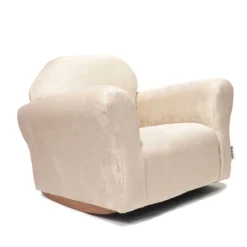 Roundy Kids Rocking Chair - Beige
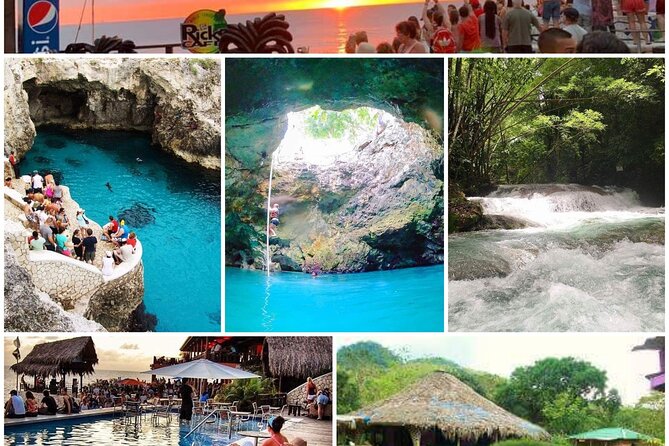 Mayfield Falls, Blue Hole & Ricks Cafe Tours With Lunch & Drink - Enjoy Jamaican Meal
...
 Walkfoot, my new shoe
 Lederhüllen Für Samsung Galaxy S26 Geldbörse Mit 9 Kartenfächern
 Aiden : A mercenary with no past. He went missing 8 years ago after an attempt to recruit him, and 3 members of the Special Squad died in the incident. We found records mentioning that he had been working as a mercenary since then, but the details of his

• **Task objective**
Beginning with the line above that contains "Roundy Kids Rocking Chair - Beige" and finishing with the line that contains "Mayfield Falls, Blue", print those lines exactly and only. Skip all pictures.

• **The answer**
 Roundy Kids Rocking Chair - Beige
 Mayfield Falls, Blue Hole & Ricks Cafe Tours With Lunch & Drink - Enjoy Jamaican Meal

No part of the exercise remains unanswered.